\section{Related Work}

\textbf{Structured Findings Generation.} Findings section of a radiology report comprises of visual observations from a given chest X-ray. Usually, these are free-text reports but there is a growing body of work that establishes the utility of structured reports. \citet{structured_1} showed that clinicians rated structured reports to be significantly more complete and more effective. \citet{structured_recall} showed that structured reports allowed better recall  of diagnosis and critical findings and overall both referring physicians and radiologists preferred structured reports over free-text reports \cite{structured_preference}. Recently, \citet{srrg} introduced a desiderata for structured reporting where they divided the entire radiology report into predefined sections and within the findings section, they further divided by 8 anatomical headers mentioned previously. They converted the free-text reports of MIMIC-CXR and CheXpert Plus to structured reports and introduced two new datasets called SRRG-Findings and SRRG-Impression. \citet{csrrg} further added clinical context like multiple views, clinical indication, imaging techniques used and prior studies to give a new dataset called contextualized SRRG (C-SRRG).

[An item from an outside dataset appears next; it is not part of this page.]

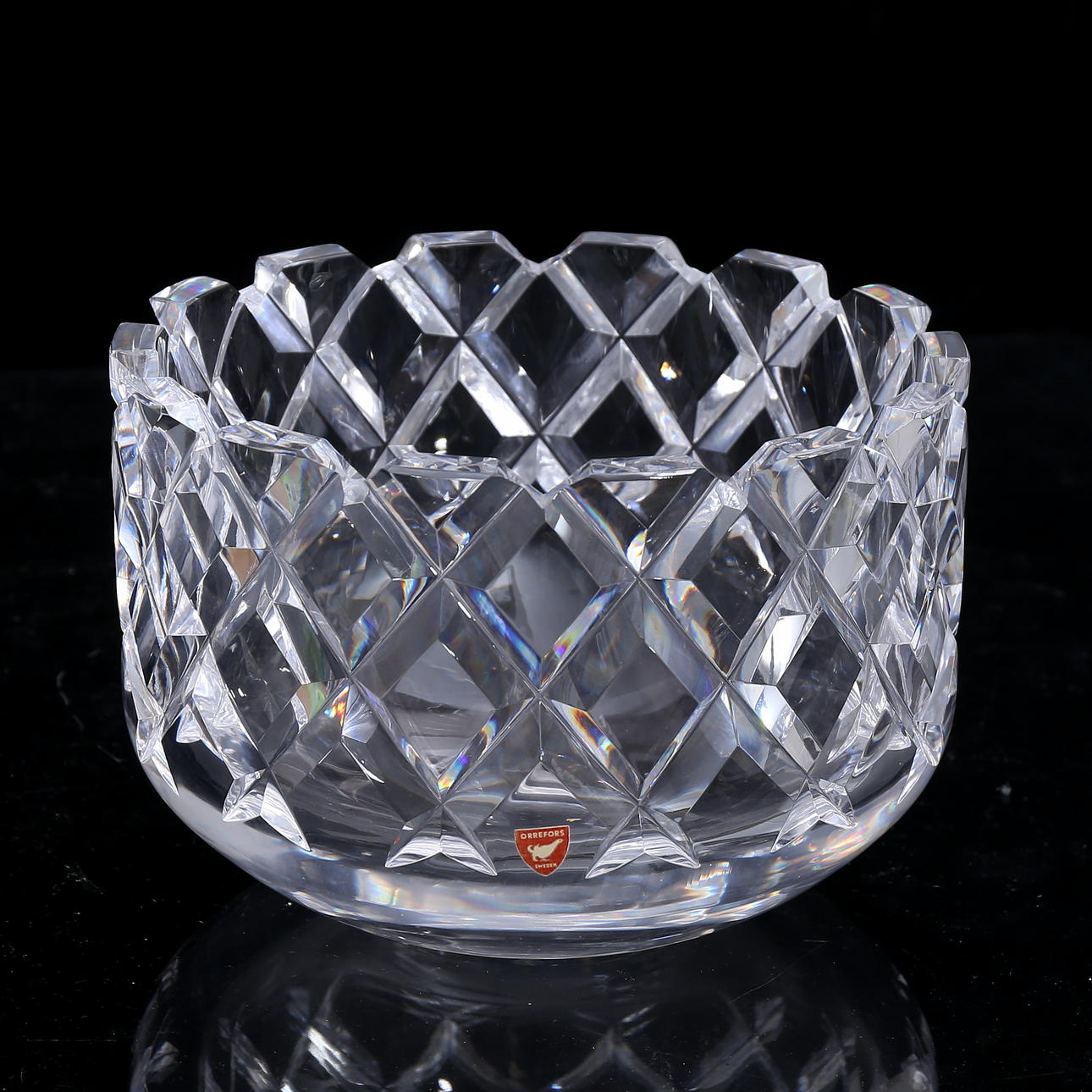 GUNNAR CYRÉN. Bowl, crystal, “Sofiero”, Orrerfors.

Beyond clinical utility, in automated report generation systems, structured reports help mitigate distributional shift between textual reports originating from different datasets, where the same clinical finding may be described in markedly different styles due to linguistic, institutional, or regional differences among radiologists. By standardizing both the reporting categories and the linguistic style, structured reports reduce this variability and provide more consistent supervision for model training. Additionally, the natural division of the findings section into well-defined anatomical categories enables category-wise parametrization and modular report generation. We believe this structure promotes stronger visual grounding by preventing over-reliance on language priors and by reducing the number of tokens generated within each continuous forward pass.

\noindent
\textbf{Contrastive Decoding.} Contrastive decoding (CD) is a training-free inference time strategy for reducing hallucinations in text generative models \cite{contrastive-open-ended, vcd, contrastive-reasoning}. The main idea of CD is to overcome statistical biases (like object co-occurrences) inherent in the training data and and in case of MLLMs, prevent over-reliance on textual priors learned during the pre-training of the LLM. Contrasting with the distribution produced after masking the key information required to generate the correct output penalizes the tokens that are generated when the key information is missing, effectively exposes the prior bias of the model. Various approaches for CD in MLLMs have been tried, \citet{vcd} contrast output distributions derived from original and distorted visual inputs, \citet{itav} contrast inter-layer representations, \citet{crg} contrast model outputs produced with and without visual prompts. While CD has worked well for mitigating hallucinations in natural image captioning tasks, its use for medical tasks has been very limited. \citet{contrastive-medical} developed Alternative CD for medical information extraction task, where they alternately contrasted output distributions from sub-task modules. \citet{ccd} introduces a dual-stage CD mechanism for RRG. Both \citet{contrastive-medical} and \citet{ccd} contrast with text based approaches, whereas, to the best of our knowledge, we are the first to introduce an image based CD approach for RRG i.e., the contrasted distribution is generated by masking the X-ray instead of masking the text.